I shake my head. “Nope. He feels terrible about the way Gage treated you and went to my dad about doing whatever it takes to make you feel safe again.”
Her eyes tear up and one drop of moisture falls from the slit of her swollen lids. “He’s a good guy.”
“He’s a great guy.” I swallow back the emotion I feel at seeing her break down but give her a second to regain her composure. Once she does, I breach the subject I hope won’t piss her off. “Thank you for telling the sheriff about what Dustin did to the McKinstry place. I know you really care about him; it had to have been hard to turn him in.”
She doesn’t meet my eyes. “I felt like shit not telling you sooner. I mean, hell, your parents were like second parents to me. After everything Nash has gone through, I hated that Dustin did that to him.” She picks at a loose thread on her blanket. “I don’t know if you’ve noticed, but whatever he felt for you in high school only intensified after you left. He was so drunk, jealous of Lucas, that he told me later what he’d done. I think he felt bad about it after, but that doesn’t make it okay. I would’ve said something sooner, but Lucas wasn’t my favorite person at the time either so . . .”
“I understand.”
“You do?”
I sigh, long and hard, so over all this drama between us. “Do you think we could start over? You know, put all the hurt feelings and animosity behind us and just go back to being friends?”
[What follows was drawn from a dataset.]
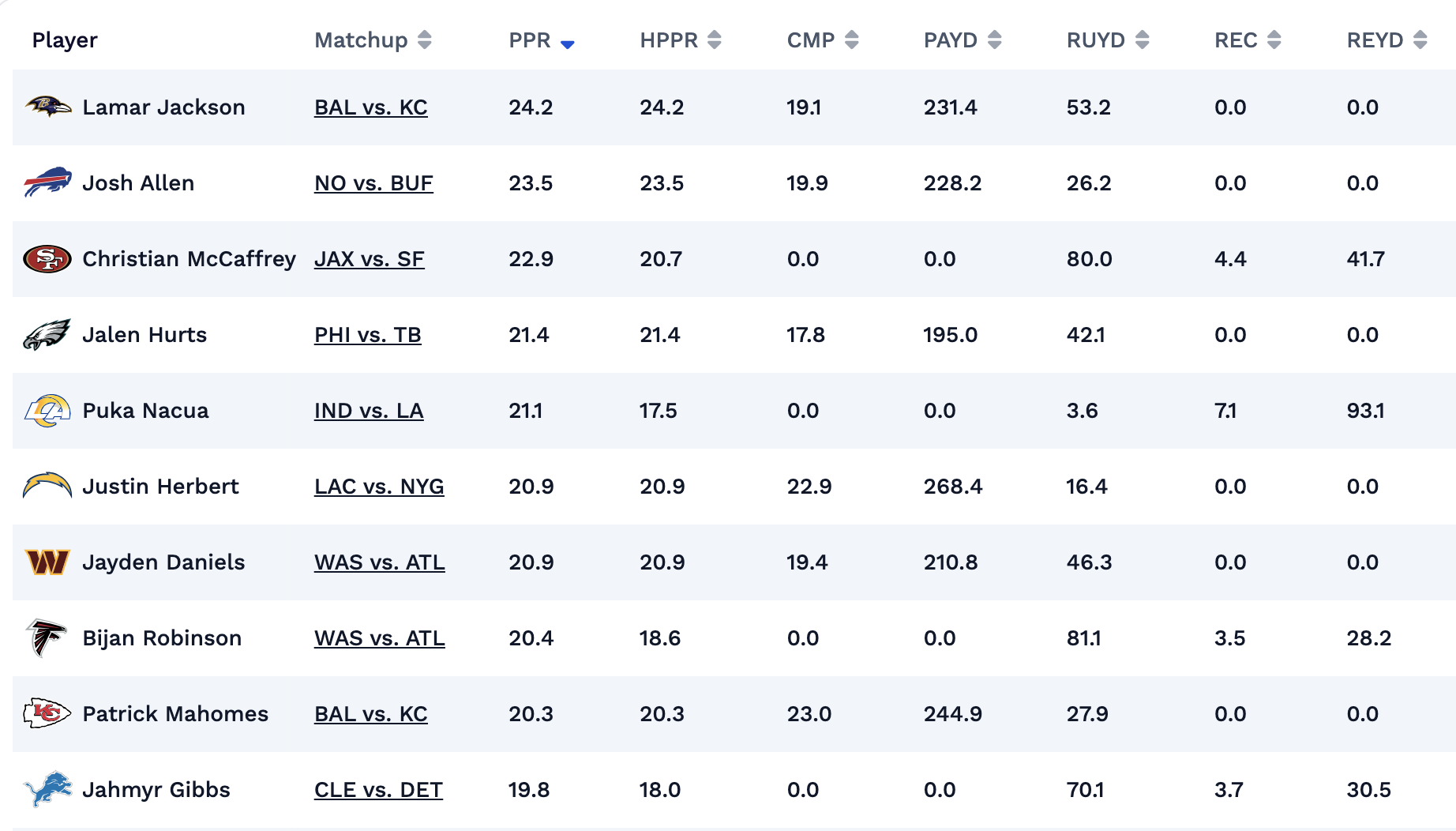 Thursday-Night-Football-NFL-Week-4.png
I watch her swallow and she nods. “I’d like that.”
After getting all the heavy stuff out of the way, we catch each other up on the last five years of our lives. She tells me about a secret crush she’s been harboring for the young dentist who moved to town a few years ago, and I tell her some of the better stories of college life, making sure to leave Trevor out of every one of them. After a while, she loses steam and I take my cue to leave.
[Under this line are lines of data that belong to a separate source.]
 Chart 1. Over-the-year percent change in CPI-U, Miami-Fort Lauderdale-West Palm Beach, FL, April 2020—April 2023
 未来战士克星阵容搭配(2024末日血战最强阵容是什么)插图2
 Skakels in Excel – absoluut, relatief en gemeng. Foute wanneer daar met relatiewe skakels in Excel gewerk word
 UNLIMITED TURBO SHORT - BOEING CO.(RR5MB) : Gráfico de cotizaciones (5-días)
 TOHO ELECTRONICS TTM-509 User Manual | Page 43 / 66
“Get some sleep, okay?” I fold over her and kiss the matted hair above her forehead.
“Thanks for coming.” She squeezes my hand. “I missed this.”
“Me, too, but we’ve got a lifetime to catch up.”
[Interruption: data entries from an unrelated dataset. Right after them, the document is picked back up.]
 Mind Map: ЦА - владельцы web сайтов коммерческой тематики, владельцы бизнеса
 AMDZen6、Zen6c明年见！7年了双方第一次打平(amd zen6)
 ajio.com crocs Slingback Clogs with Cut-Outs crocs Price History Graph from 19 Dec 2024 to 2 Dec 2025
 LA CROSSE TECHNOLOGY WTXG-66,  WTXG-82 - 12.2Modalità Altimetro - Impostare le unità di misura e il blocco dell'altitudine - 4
She yawns and the way it stretches her battered face makes me cringe. “So you’re staying in Payson?”
My mind cranks back to Lucas, all the plans we talked about between making love last night, and yeah . . . “I’m staying.”
She grins and her hold on my hand goes slack as her good eyelid slides closed. “Good.”
And with that, my future just got a whole lot brighter.
EPILOGUE
SHYANN
Three years later . . .
“Where do you want this?” Cody’s standing in the doorway to my new office, holding a box labeled with my name and HEAVY: Don’t let her lift this.
I swivel around in my brand-spankin’ new ergonomic desk chair and point to the corner next to my new file cabinets. “Over there would be great.”
He drops it down with a thunk and I take another rotation in my seat, checking out the one-hundred-eighty-degree view from my picture windows. Even though it’s winter and there’s snow covering everything from treetops to blacktop, the office is warm due to the woodstove we had put in the lobby. I love this place.
It only took two years and eight months to convince my dad that Jennings needed a better office space, a more visible location, and a structure that would exemplify the product we produce. It took another four months for the place to be built, and today is moving-in day.
“You gonna unpack all that?” My brother motions to the boxes he’s been bringing in and leaving where I direct him to.
“Eventually.”
“I love it here!” Sam calls from her office located directly across the lobby from mine. “I can see Star Valley from my desk!”
Shortly after Sam recovered from her injuries, she took some accounting classes at the satellite school and my dad hired her on. It’s been so much fun working with her. We chase my dad out most days with our incessant chatter, so he’s on job sites more, which only helps business.
In the last couple years, Jennings Contractors has doubled. Not only did Payson open a fancy new country club and resort in town, but also the housing prices in Phoenix have gone up, so many have left to seek out the more affordable lifestyle that Payson can offer.
“Hey, I brought you a decaf. That fancy pod coffeemaker is the bomb.” Sam puts a mug on my still-empty desk and props her legging-covered hip on the arm of my chair. She sighs long and hard, mirroring my feelings on the place. “So much better than the portable. I could live in here.”
“I know, right?” I blow on my steaming cup of coffee. “Although, what would Doctor Smile say?”
She blushes and shakes her head. “He’d drag me back to our place, still smiling of course.”